* **Recorded information**:
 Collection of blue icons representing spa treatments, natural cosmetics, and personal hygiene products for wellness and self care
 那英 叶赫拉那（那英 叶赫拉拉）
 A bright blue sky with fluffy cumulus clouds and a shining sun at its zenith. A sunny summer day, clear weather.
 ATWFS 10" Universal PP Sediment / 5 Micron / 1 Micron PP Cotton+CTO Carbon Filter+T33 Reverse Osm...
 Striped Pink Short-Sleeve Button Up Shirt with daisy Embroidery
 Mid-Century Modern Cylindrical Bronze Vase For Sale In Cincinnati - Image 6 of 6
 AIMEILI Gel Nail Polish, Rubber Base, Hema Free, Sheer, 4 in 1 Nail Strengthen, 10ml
--
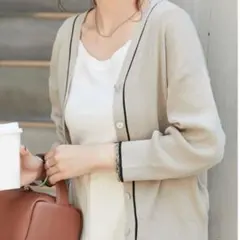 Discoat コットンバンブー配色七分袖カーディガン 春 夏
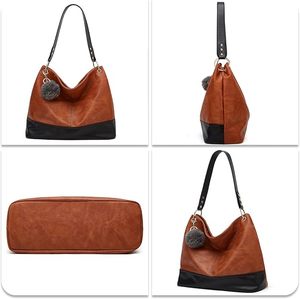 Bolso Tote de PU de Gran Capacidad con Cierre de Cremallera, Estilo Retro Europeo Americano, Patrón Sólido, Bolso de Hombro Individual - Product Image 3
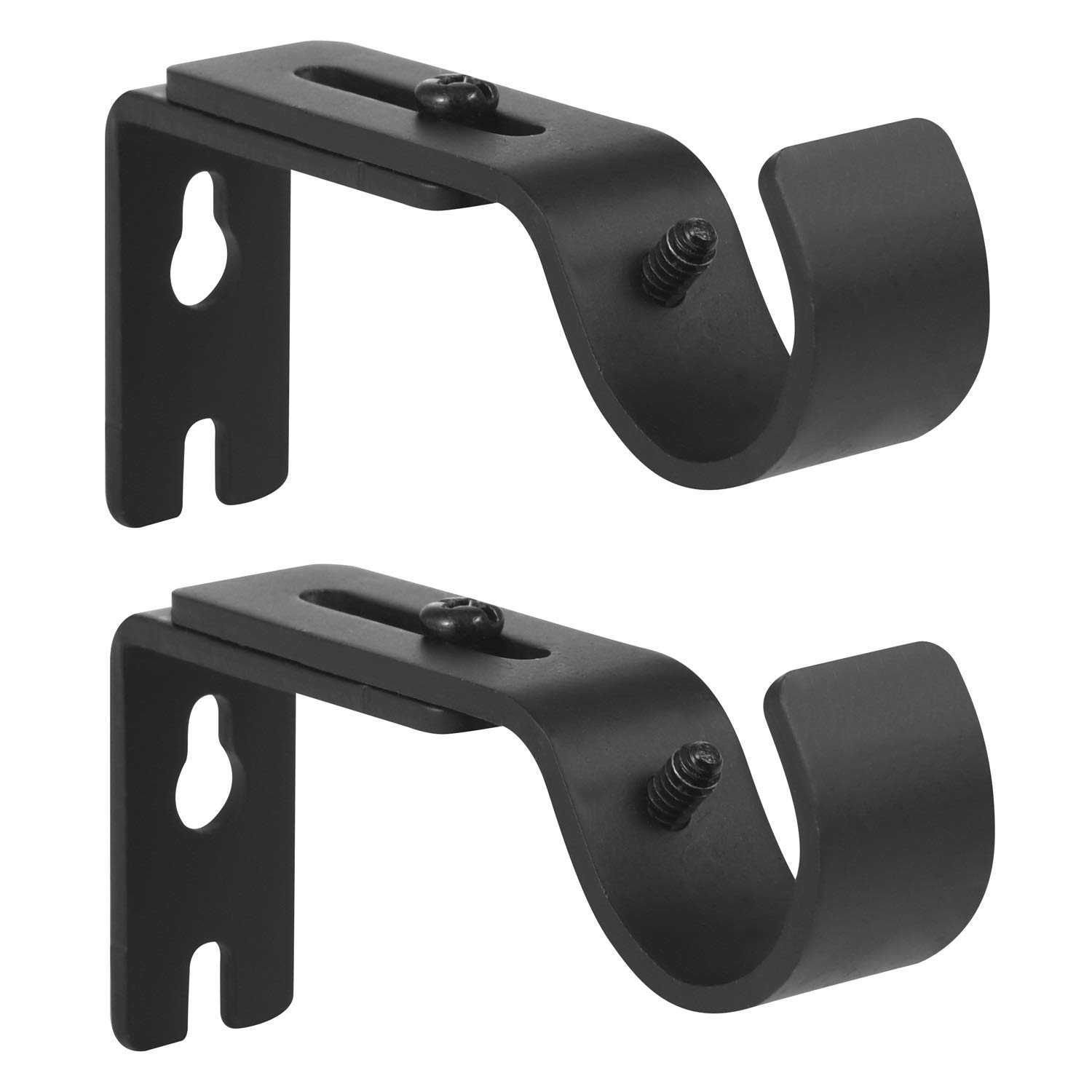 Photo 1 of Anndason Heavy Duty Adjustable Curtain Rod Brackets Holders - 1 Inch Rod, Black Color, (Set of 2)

* **Task goal**:
The required output is the stretch of entries above from the line containing "Collection of blue" through the line containing "AIMEILI Gel Nail", reproduced exactly.

* **Reply to the task**:
 Collection of blue icons representing spa treatments, natural cosmetics, and personal hygiene products for wellness and self care
 那英 叶赫拉那（那英 叶赫拉拉）
 A bright blue sky with fluffy cumulus clouds and a shining sun at its zenith. A sunny summer day, clear weather.
 ATWFS 10" Universal PP Sediment / 5 Micron / 1 Micron PP Cotton+CTO Carbon Filter+T33 Reverse Osm...
 Striped Pink Short-Sleeve Button Up Shirt with daisy Embroidery
 Mid-Century Modern Cylindrical Bronze Vase For Sale In Cincinnati - Image 6 of 6
 AIMEILI Gel Nail Polish, Rubber Base, Hema Free, Sheer, 4 in 1 Nail Strengthen, 10ml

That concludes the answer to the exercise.